In the records below, the line with "Svalbard - vintertur" opens the range and the line with "Сумка для ноутбука" closes it; print that range exactly and nothing else.

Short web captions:
::::::
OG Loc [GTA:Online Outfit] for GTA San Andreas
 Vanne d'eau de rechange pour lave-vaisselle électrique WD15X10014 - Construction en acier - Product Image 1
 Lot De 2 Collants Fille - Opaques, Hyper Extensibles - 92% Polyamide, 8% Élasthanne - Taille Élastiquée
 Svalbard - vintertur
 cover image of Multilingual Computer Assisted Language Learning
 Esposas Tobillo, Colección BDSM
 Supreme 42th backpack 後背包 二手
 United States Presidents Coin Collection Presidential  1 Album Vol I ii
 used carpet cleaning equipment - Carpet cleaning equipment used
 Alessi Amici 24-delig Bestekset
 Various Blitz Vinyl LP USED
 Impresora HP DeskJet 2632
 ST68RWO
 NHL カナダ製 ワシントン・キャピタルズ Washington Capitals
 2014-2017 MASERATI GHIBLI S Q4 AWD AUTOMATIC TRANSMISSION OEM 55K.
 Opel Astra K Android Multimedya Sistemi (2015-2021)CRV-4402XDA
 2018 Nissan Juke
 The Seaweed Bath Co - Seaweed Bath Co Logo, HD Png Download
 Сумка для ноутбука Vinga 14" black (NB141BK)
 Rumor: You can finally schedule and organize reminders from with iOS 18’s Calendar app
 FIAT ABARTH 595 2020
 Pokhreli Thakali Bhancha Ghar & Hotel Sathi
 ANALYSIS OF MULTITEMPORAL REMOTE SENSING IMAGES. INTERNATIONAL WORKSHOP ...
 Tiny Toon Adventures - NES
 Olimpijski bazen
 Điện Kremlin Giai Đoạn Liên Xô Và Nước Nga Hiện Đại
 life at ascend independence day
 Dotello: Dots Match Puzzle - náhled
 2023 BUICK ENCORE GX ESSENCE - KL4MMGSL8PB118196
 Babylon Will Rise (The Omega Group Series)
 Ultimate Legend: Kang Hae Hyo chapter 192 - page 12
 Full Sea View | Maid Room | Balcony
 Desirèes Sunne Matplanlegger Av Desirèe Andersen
::::::
- Response box
 Svalbard - vintertur
 cover image of Multilingual Computer Assisted Language Learning
 Esposas Tobillo, Colección BDSM
 Supreme 42th backpack 後背包 二手
 United States Presidents Coin Collection Presidential  1 Album Vol I ii
 used carpet cleaning equipment - Carpet cleaning equipment used
 Alessi Amici 24-delig Bestekset
 Various Blitz Vinyl LP USED
 Impresora HP DeskJet 2632
 ST68RWO
 NHL カナダ製 ワシントン・キャピタルズ Washington Capitals
 2014-2017 MASERATI GHIBLI S Q4 AWD AUTOMATIC TRANSMISSION OEM 55K.
 Opel Astra K Android Multimedya Sistemi (2015-2021)CRV-4402XDA
 2018 Nissan Juke
 The Seaweed Bath Co - Seaweed Bath Co Logo, HD Png Download
 Сумка для ноутбука Vinga 14" black (NB141BK)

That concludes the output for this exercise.